Jesús, los Apóstoles
y la Virgen María solían ir al Templo a orar y a escuchar la palabra de los
doctores de la ley. También acudían en las fiestas de Pascua y Pentecostés.
En cierta ocasión
entró Jesús en el Templo y echó a los que compraban y vendían objetos variados;
e incluso derribó las mesas de los cambistas gritándoles: “¡Mi casa es casa de
oración para todos los pueblos!”. Ocurrió en el atrio de los gentiles lejos del
lugar Santísimo. Jesús lleno de autoridad expulsó a toda aquella gente con
palabras de Isaías (56,7), “Los traeré a mi monte santo, los llenaré de alegría
en mi casa de oración; sus holocaustos y sus sacrificios serán aceptables sobre
mi altar, porque mi casa es Casa de oración para todos los pueblos”. El Templo era
para Jesús lugar de encuentro con Dios, donde se invitaba a la oración y no toleraba
que fuese profanado con un mercado de compraventa.
El
templo actual.
También ahora los
cristianos acuden al templo a orar y a escuchar y recibir la palabra de Dios.

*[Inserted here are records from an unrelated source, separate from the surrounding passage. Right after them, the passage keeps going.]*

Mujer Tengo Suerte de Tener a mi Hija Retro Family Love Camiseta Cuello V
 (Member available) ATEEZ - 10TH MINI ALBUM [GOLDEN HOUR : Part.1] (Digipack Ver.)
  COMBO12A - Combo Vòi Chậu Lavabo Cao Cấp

Los sacerdotes ofrecen el holocausto de la Eucaristía, sacramento de acción de
gracias a Dios por las obras de la Creación, Redención y Santificación. El
templo actual es la casa de Dios, casa de oración, donde sus hijos se
encuentran con Él en Cristo, por medio de acciones y palabras que conforman la
liturgia.
El templo es lugar
santo y de recogimiento para gloria de Dios, siempre abierto para favorecer la
oración personal a cualquier hora del día. En él no hay cambistas ni
compraventas pero sí está Cristo en el Sagrario. Cualquier
visitante puede identificarlo por la lamparilla de aceite encendida que ayuda a
reconocer su presencia Real en el Santísimo Sacramento.
La devoción de adorar
a Cristo en el Sagrario es una de las más cotidianas de los fieles, con
frecuencia sin poder hacerlo por no encontrar una iglesia abierta. Si es penoso
que los horarios de apertura de los templos no sean más amplios, peor es que se
abran con fines turísticos a gente sacando fotos que deambula y habla sin
parar, sin exigir un mínimo decoro, y se impida el acceso a los fieles que
quieren “hacer una visita” al Santísimo.
En el templo, la
Eucaristía es la fuente y culmen de la vida cristiana. Contiene todo el bien
espiritual de la Iglesia, es decir Cristo mismo. La liturgia de la Santa Misa
es la expresión de la fe en la presencia real de Cristo bajo las especies de
pan y de vino. Su adoración, de rodillas
e inclinando la cabeza, es un gesto tristemente devaluado por falta de una
lección catequística que remedie el que muchos fieles permanezcan de pie
durante la consagración, como ocurre en muchas iglesias, o no hagan una simple genuflexión
al pasar ante el Sagrario. En la
Eucaristía está Dios con nosotros en el prodigio de un Sacramento, y en
su presencia hay que mantener las formas apropiadas: silencio, recogimiento y
actitud orante.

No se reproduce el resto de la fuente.